Il a écrit des livres marquants en trois domaines :
- En philosophie du droit : Rousseau e Kant (deux volumes, Guiffré, 1974 et 1976), Commento al Levienthan. La filosofia del diritto e dello Stato di Thomas Hobbes (Margiacchi, 1994). Commentaire du Léviathan. La philosophie du droit et de l’État de Thomas Hobbes ;
- En métaphysique : Introduzione alla metafisica dell'uno [ntroduction à la métaphysique de l’un](Antonio Pellicani, 1996), I Metafisica del Soggetto. Cinque tesi preliminari (Métaphysique du sujet. Cinq thèses préliminaires.. ] (Fondazione G. Capograssi, Rome 2010 et 2013) ;
- En théologie et philosophie de la religion, en se concentrant sur l’analyse critique du concile Vatican II, du point de vue de la tradition de l’Église :
Par plusieurs livres : Giovanni XXIII e il Concilio Ecumenico Vaticano II (Ichthys, 2008), Jean XXIII et le concile oecuménique Vatican II, L’ambigua cristologia della redenzione universale. Analisi di Gaudium et Spes (Ichthys, 2009), La christologie ambiguë de la rédemption universelle. Analyse de Gaudium et spes, Il Concilio parallelo. L'inizio anomalo del Vaticano II [Le Concile parallèle.

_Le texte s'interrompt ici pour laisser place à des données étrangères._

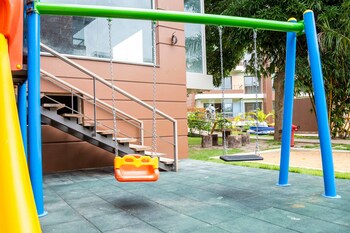 pls apartments cantonments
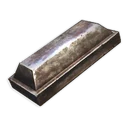 Lingote de hierro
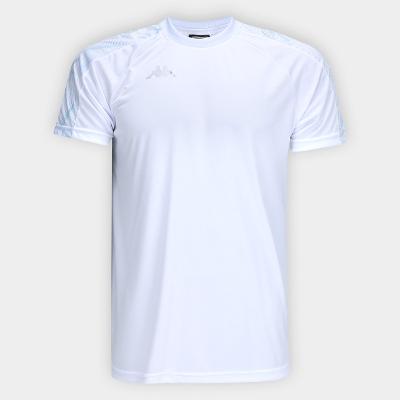 Camisa Kappa Fardamento Athens Masculina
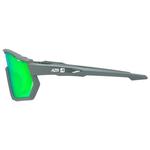 Солнцезащитные очки pro Race jr rx Carbone mate vert multicouche Azr - фото 3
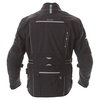 IXS Eagle 2 Jacket Black Mens - S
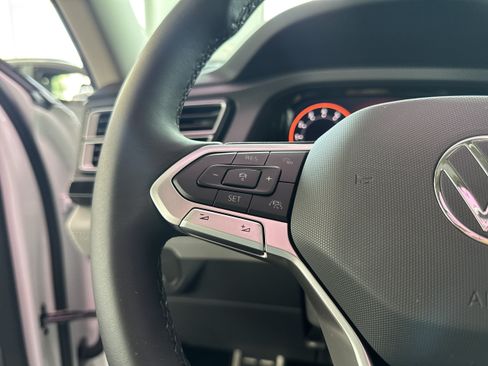 New 2026 Volkswagen Atlas Peak Edition AWD/4WD image 26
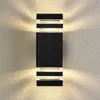 LUMILED Außenwandleuchte Wandlampe aussen Außenleuchte Wand Produktbild-Vorschau 1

Le commencement irrégulier de Vatican II ](Fede e Cultura, 2014) ;
Lors d' interventions dans des colloques : « Pour une critique de l’herméneutique du point de vue philosophique » (8ème congrès théologique du Courrier de Rome – Si Si No No, sur le thème « l’Église aujourd’hui : continuité ou rupture ? », 2009) ;
Mais aussi dans de nombreux articles : « Pour la recherche des erreurs de Vatican II » (Le Sel de la Terre, n° 43 Hiver 2002-2003), « L’hérésie luthérienne du Pape François » (La Porte Latine, 29 octobre 2017), « Jean XXIII et le millénarisme » (Catholica, 1er janvier 2009).
Voilà pourquoi il nous est apparu pertinent de solliciter les avis de cet éminent spécialiste, fin connaisseur de la situation actuelle de l'Eglise.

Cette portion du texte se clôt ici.